YOUR OBJECTIVE
Print the data exactly. Omit the pictures.

EXERCISE INPUTS
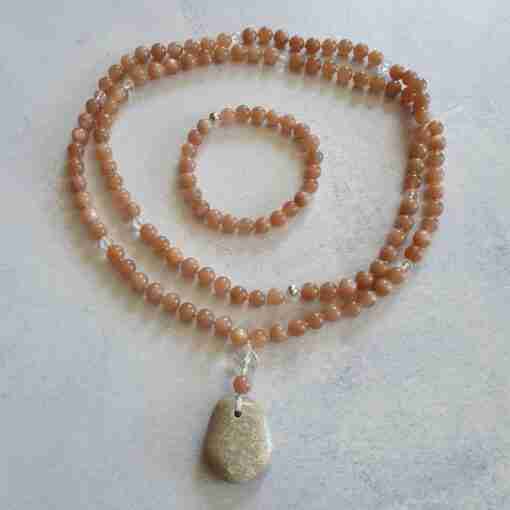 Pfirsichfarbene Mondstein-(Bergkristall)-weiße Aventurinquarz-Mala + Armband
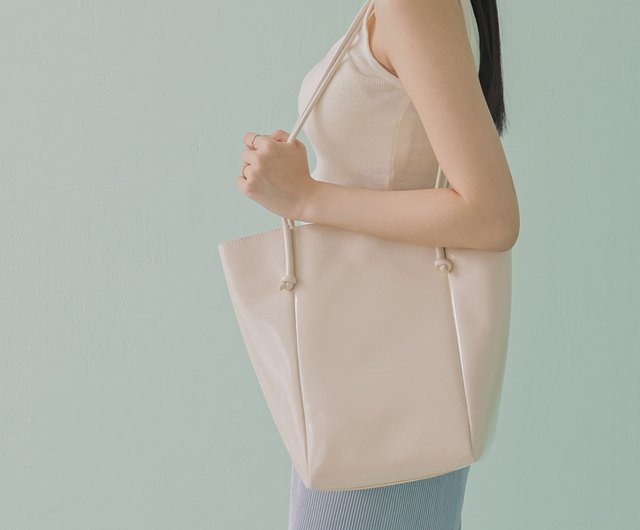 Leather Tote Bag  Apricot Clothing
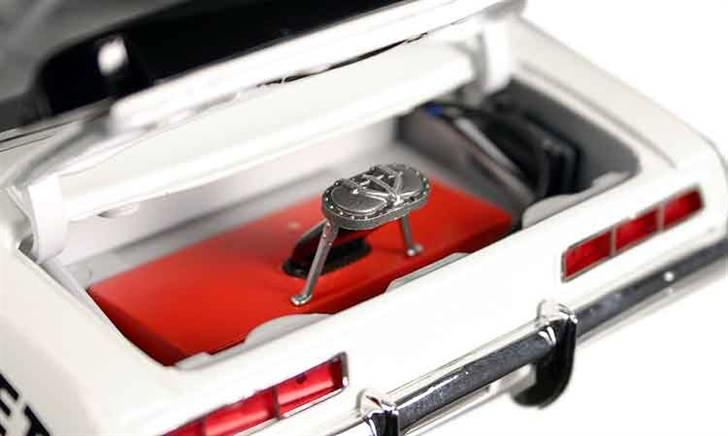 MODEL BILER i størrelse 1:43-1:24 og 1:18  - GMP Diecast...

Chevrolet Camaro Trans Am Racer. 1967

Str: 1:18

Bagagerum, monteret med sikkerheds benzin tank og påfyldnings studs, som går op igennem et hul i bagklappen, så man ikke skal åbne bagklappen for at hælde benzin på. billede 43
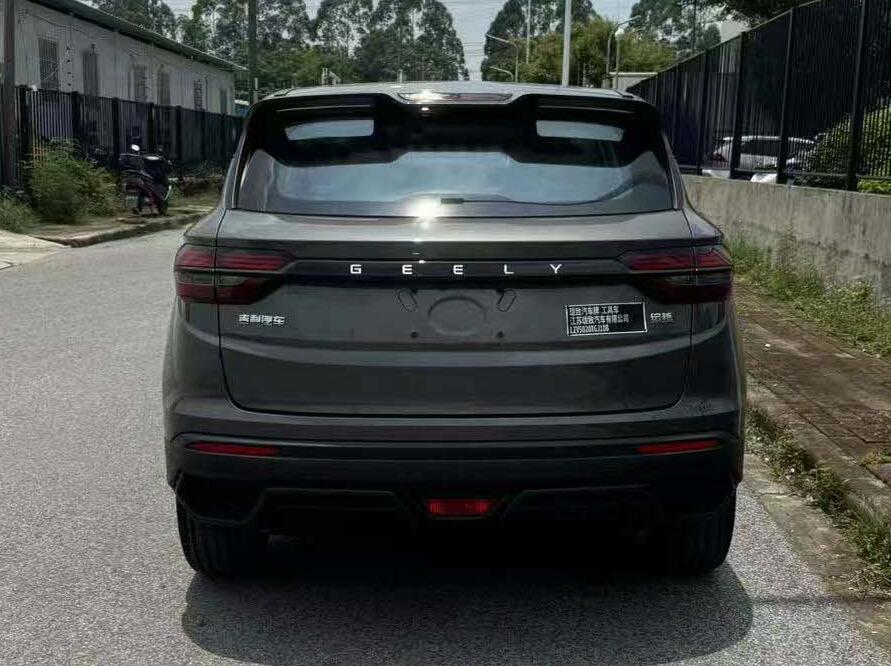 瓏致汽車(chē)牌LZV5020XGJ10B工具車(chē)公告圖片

YOUR SOLUTION
 Pfirsichfarbene Mondstein-(Bergkristall)-weiße Aventurinquarz-Mala + Armband
 Leather Tote Bag  Apricot Clothing
 MODEL BILER i størrelse 1:43-1:24 og 1:18  - GMP Diecast...

Chevrolet Camaro Trans Am Racer. 1967

Str: 1:18

Bagagerum, monteret med sikkerheds benzin tank og påfyldnings studs, som går op igennem et hul i bagklappen, så man ikke skal åbne bagklappen for at hælde benzin på. billede 43
 瓏致汽車(chē)牌LZV5020XGJ10B工具車(chē)公告圖片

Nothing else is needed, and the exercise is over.